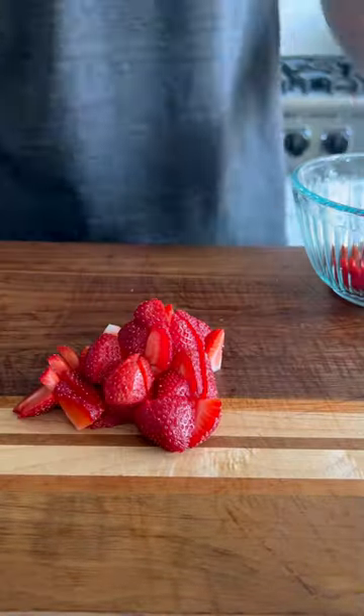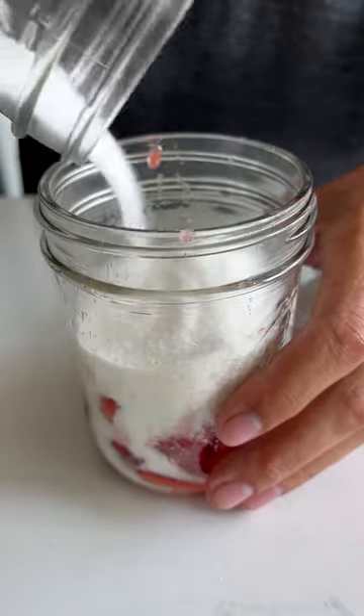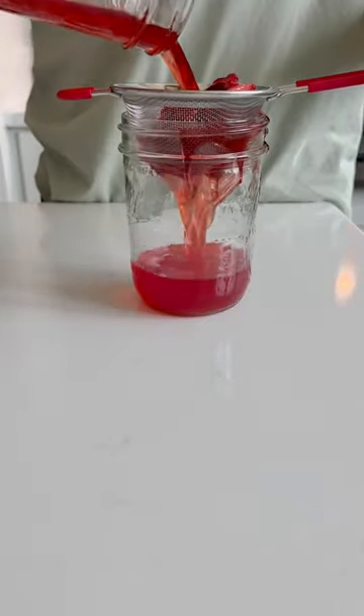A while ago I had some strawberries that were about to go bad, so I mixed them with some sugar to make a syrup. Now the sugar is completely dissolved, so it's time to give it a taste. I pour it through a mesh strainer to separate out the strawberry chunks.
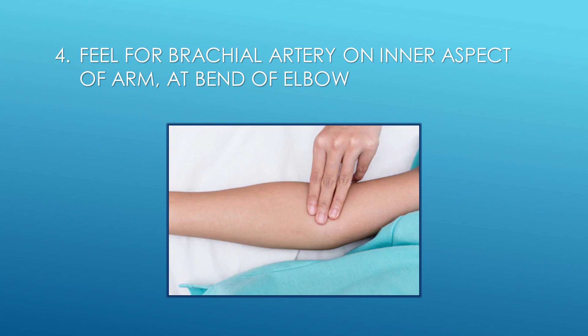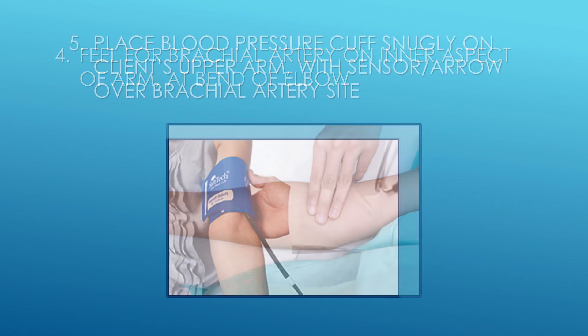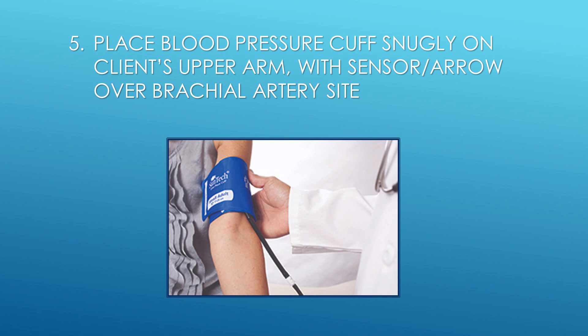Step 4: Feel for brachial artery on inner aspect of arm at bend of elbow. Step 5: Place blood pressure cuff snugly on client's upper arm with the arm sensor and arrow over brachial artery site.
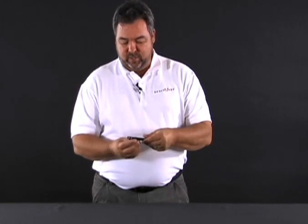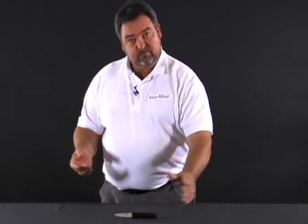You have a removable pocket clip on it as well, and you can also pick this knife up at U.S. Cavalry.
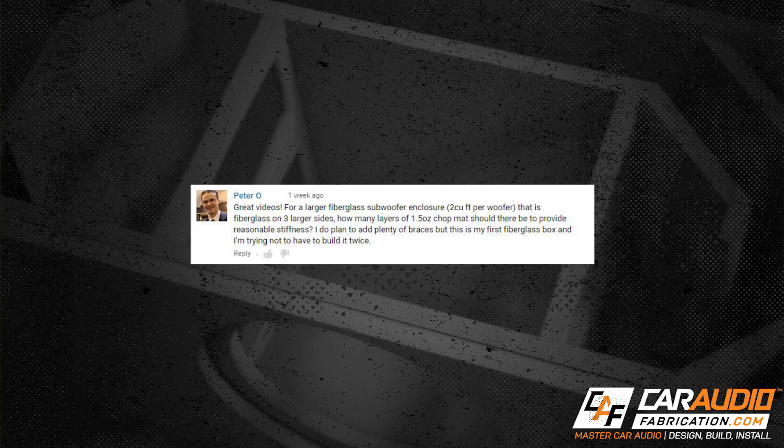This week Peter asked: for a larger fiberglass subwoofer enclosure that is fiberglass on three larger sides, how many layers of one and a half ounce chop mat should there be to provide reasonable stiffness? I do plan to add plenty of braces, but this is my first fiberglass box and I'm trying to not have to build it twice. Great question Peter!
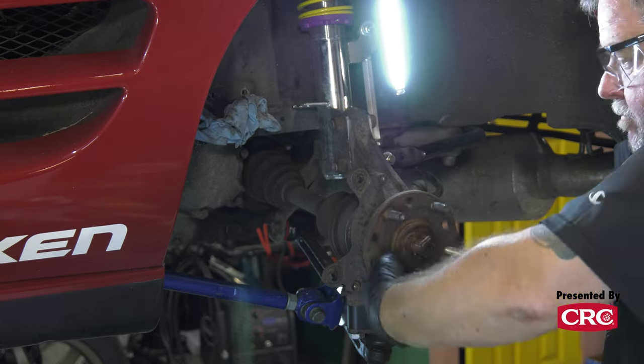The only thing the Lexus IS300 studs didn't have was the bullet nose ends, but we talked to ARP and asked if we could chuck them up in our lathe, take a few threads off the end, and chamfer it a bit. They said as long as you trust your lathe skills, you're totally okay to do that. The one recommendation was to coat the end of the studs since the electroplated coating gets machined off, so we hit them with a little clear coat. Now we have a homebrew set of bullet-nose studs for our MR2. To install them, we just slip them in and use a 14mm nut as a fulcrum.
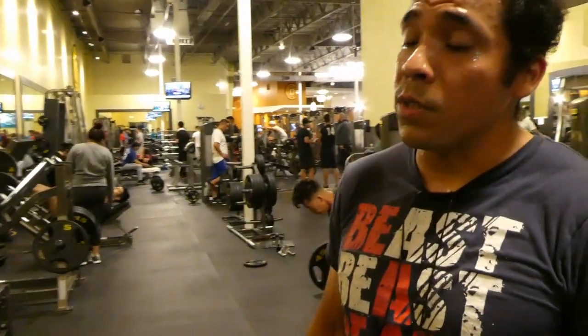I fell down to 270, can't get eight, so we dropped it around five pounds.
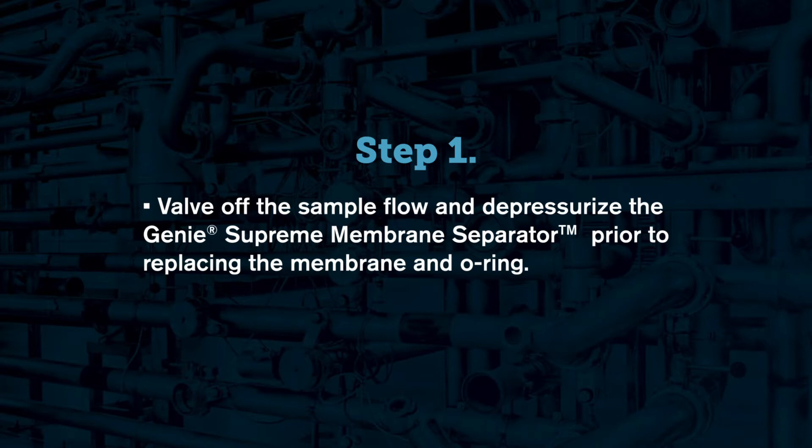The first step is to depressurize the system by shutting off the inlet flow to the membrane separator. Once the inlet flow is shut off, relieve any residual pressure that may be left inside of the membrane separator via the outlet or bypass port.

==========

## EXERCISE OBJECTIVE:
Restate word for word the lines from the one holding "You have a removable" down through the last line of the records above, and do not include the pictures.

## OUTPUT:
You have a removable pocket clip on it as well, and you can also pick this knife up at U.S. Cavalry.
This week Peter asked: for a larger fiberglass subwoofer enclosure that is fiberglass on three larger sides, how many layers of one and a half ounce chop mat should there be to provide reasonable stiffness? I do plan to add plenty of braces, but this is my first fiberglass box and I'm trying to not have to build it twice. Great question Peter!
The only thing the Lexus IS300 studs didn't have was the bullet nose ends, but we talked to ARP and asked if we could chuck them up in our lathe, take a few threads off the end, and chamfer it a bit. They said as long as you trust your lathe skills, you're totally okay to do that. The one recommendation was to coat the end of the studs since the electroplated coating gets machined off, so we hit them with a little clear coat. Now we have a homebrew set of bullet-nose studs for our MR2. To install them, we just slip them in and use a 14mm nut as a fulcrum.
I fell down to 270, can't get eight, so we dropped it around five pounds.
The first step is to depressurize the system by shutting off the inlet flow to the membrane separator. Once the inlet flow is shut off, relieve any residual pressure that may be left inside of the membrane separator via the outlet or bypass port.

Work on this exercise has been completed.